Read the entries that follow and give each one again precisely.

⟨

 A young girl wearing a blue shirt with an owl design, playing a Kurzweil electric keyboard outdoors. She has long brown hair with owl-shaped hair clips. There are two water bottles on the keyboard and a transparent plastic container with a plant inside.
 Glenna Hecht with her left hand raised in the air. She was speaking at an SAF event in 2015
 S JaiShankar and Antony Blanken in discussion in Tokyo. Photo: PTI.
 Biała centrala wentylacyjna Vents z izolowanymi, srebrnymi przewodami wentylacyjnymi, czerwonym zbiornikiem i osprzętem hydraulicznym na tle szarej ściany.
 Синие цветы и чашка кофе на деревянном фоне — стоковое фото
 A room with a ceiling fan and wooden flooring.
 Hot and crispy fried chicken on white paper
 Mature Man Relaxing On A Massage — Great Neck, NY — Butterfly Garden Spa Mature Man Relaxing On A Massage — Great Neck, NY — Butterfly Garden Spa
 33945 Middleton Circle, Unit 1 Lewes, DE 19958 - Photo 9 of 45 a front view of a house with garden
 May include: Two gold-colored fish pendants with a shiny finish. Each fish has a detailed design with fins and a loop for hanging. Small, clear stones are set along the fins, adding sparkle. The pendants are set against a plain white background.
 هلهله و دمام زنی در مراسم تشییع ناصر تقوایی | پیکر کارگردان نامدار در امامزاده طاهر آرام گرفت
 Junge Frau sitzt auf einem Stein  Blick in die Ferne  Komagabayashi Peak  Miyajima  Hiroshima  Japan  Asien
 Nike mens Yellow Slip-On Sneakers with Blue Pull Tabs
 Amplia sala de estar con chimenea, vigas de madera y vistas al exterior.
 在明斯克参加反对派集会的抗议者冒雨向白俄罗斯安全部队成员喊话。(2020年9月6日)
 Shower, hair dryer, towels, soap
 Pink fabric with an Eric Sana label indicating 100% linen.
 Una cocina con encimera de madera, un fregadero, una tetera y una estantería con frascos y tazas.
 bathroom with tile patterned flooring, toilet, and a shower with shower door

⟩

Output for this task
 A young girl wearing a blue shirt with an owl design, playing a Kurzweil electric keyboard outdoors. She has long brown hair with owl-shaped hair clips. There are two water bottles on the keyboard and a transparent plastic container with a plant inside.
 Glenna Hecht with her left hand raised in the air. She was speaking at an SAF event in 2015
 S JaiShankar and Antony Blanken in discussion in Tokyo. Photo: PTI.
 Biała centrala wentylacyjna Vents z izolowanymi, srebrnymi przewodami wentylacyjnymi, czerwonym zbiornikiem i osprzętem hydraulicznym na tle szarej ściany.
 Синие цветы и чашка кофе на деревянном фоне — стоковое фото
 A room with a ceiling fan and wooden flooring.
 Hot and crispy fried chicken on white paper
 Mature Man Relaxing On A Massage — Great Neck, NY — Butterfly Garden Spa Mature Man Relaxing On A Massage — Great Neck, NY — Butterfly Garden Spa
 33945 Middleton Circle, Unit 1 Lewes, DE 19958 - Photo 9 of 45 a front view of a house with garden
 May include: Two gold-colored fish pendants with a shiny finish. Each fish has a detailed design with fins and a loop for hanging. Small, clear stones are set along the fins, adding sparkle. The pendants are set against a plain white background.
 هلهله و دمام زنی در مراسم تشییع ناصر تقوایی | پیکر کارگردان نامدار در امامزاده طاهر آرام گرفت
 Junge Frau sitzt auf einem Stein  Blick in die Ferne  Komagabayashi Peak  Miyajima  Hiroshima  Japan  Asien
 Nike mens Yellow Slip-On Sneakers with Blue Pull Tabs
 Amplia sala de estar con chimenea, vigas de madera y vistas al exterior.
 在明斯克参加反对派集会的抗议者冒雨向白俄罗斯安全部队成员喊话。(2020年9月6日)
 Shower, hair dryer, towels, soap
 Pink fabric with an Eric Sana label indicating 100% linen.
 Una cocina con encimera de madera, un fregadero, una tetera y una estantería con frascos y tazas.
 bathroom with tile patterned flooring, toilet, and a shower with shower door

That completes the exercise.